Nei decenni in cui ho praticato la fede, ho sicuramente visto un po' di tutto. Non racconterò aneddoti, perché chi più chi meno ha assistito a qualche irregolarità liturgica, a qualche sfogo di tono, a qualche sciocchezza detta dall'ambone... Ma un cambiamento della formula consacratoria per capriccio non immaginavo di sentirlo mai. È il vertice inviolabile, il sancta sanctórum della celebrazione; l'annuncio verbale e attivo della cosa più sublime che accade nell'universo in quel preciso momento: che Cristo si offre al Padre, nello Spirito Santo, sotto due pasti che, pochi minuti dopo, saranno distribuiti a persone comuni, fallibili, capaci di grandi ingiustizie..., ma capaci di fede, di conversione, di emendamento. 

“Miracolo d'amore così infinito...”, dice una canzone. È Cristo che si dona a noi. C'è da tremare, ma non di terrore: è che il nostro buon Dio è impazzito d'amore per un granello di polvere. Contemplazione, stupore e riverenza. Non c'è altro.

Non è comprensibile, quindi, che si debba correggere il benedetto Creatore dell'Eucaristia, come se si fosse dimenticato di dirci qualcosa e un sacerdote dovesse correggere la “dimenticanza” del Redentore con una nota a piè di pagina. La Chiesa, certo, nel suo cammino nella storia, avrebbe ancora bisogno di aiuto, di chiarimenti, di luce..., ma a Lui non è sfuggito nulla. “Ho ancora molto da dirvi, ma non potete farlo ora. Quando verrà lui, lo Spirito di verità, vi guiderà alla verità tutta intera” (Gv 16, 12-13). 

E in effetti lo Spirito è venuto. È ancora in circolazione e ispira i successori degli apostoli, in comunione con Roma, a giudicare ciò che può o non può essere opportuno per il Popolo di Dio, e a farlo, inoltre, alla luce dell'esperienza pastorale di un determinato momento. Così Benedetto XVI, nella sua lettera del 2012 ai vescovi tedeschi sull'adozione del “e per molti” (pro multis) nella nuova traduzione del Messale Romano, ha rilevato come base della decisione il “rispetto reverenziale” della Chiesa per la parola di Gesù e la fedeltà di Nostro Signore alla parola della Scrittura. Questa duplice fedeltà“, ha aggiunto, ‘è la ragione concreta della formula ’per molti”". 

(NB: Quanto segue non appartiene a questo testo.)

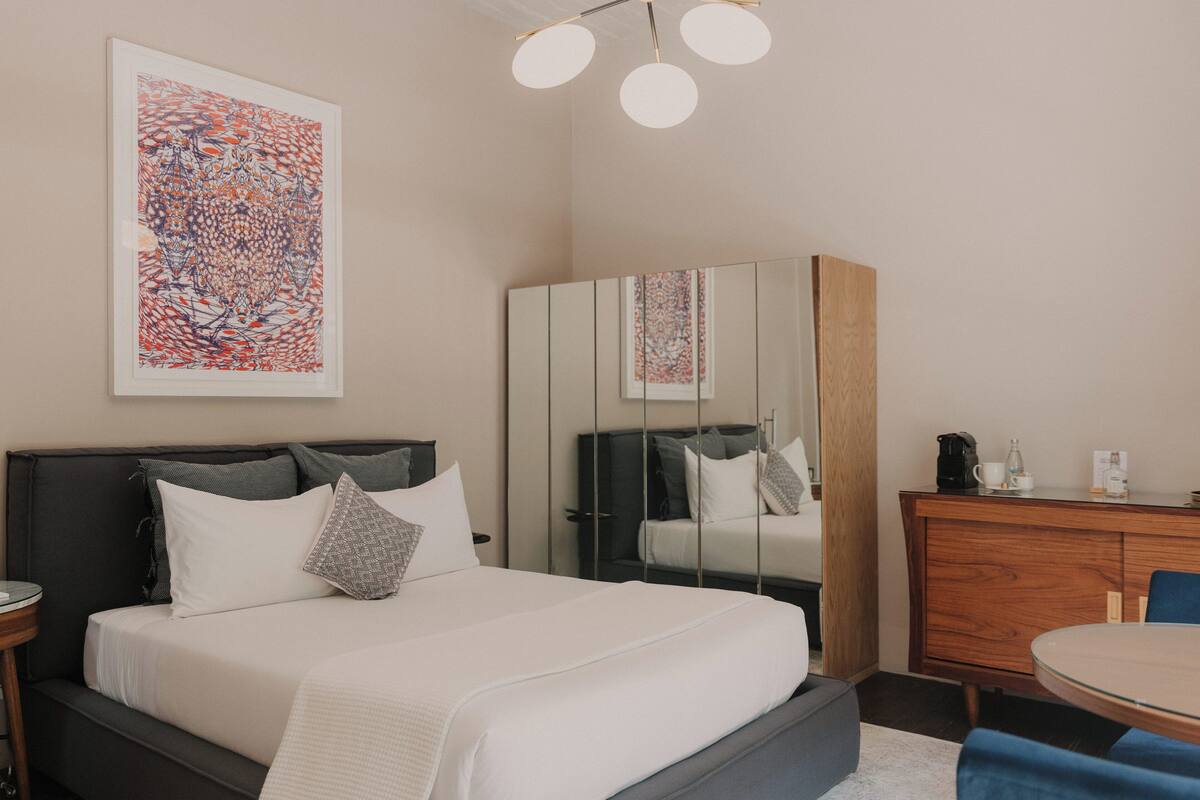 A modern hotel room with a large bed, a wooden dresser, a round dining table, and a large abstract painting on the wall.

In linea con il Santo Padre, quattro anni dopo la Conferenza episcopale spagnola ha pubblicato l'Istruzione “Celebrare l'Eucaristia con il Messale Romano”, in cui ha sottolineato che, se la Chiesa chiede “un rispetto reverenziale per ogni testo liturgico, in modo che non sia lecito cambiarlo o sostituirlo in tutto o in parte, questa norma deve valere a maggior ragione per le preghiere eucaristiche e soprattutto per le parole di consacrazione”. 

Quindi, no: ben venga la preoccupazione di sapere se “ciò che Cristo intendeva dire era questo e non quello”, ma per questo ci sono già “dottori nella Chiesa” che, assistiti dallo Spirito Santo, si occupano di plasmare la liturgia eucaristica e di custodire il tesoro della fede, di cui si sanno amministratori, non proprietari; non padroni di questa nostra Casa costruita sulla roccia, quasi a credere di poter allargare una porta o abbattere un pilastro a piacimento. Non fraintendetemi: la Chiesa non appartiene ai suoi pastori, ma a un solo Pastore.

Uno dei primi a dimenticarsene finì per inchiodare le proprie idee -.sui generis, La prima, curiosa e un po“ bizzarra, è stata scritta su un foglio di carta appeso alla porta di una chiesa tedesca cinque secoli fa. Il ”successo", va detto, perché ha finito per attirare un discreto numero di fan. 

Ma il suo nome non è nel calendario dei santi. Né, prevedibilmente, lo sarà.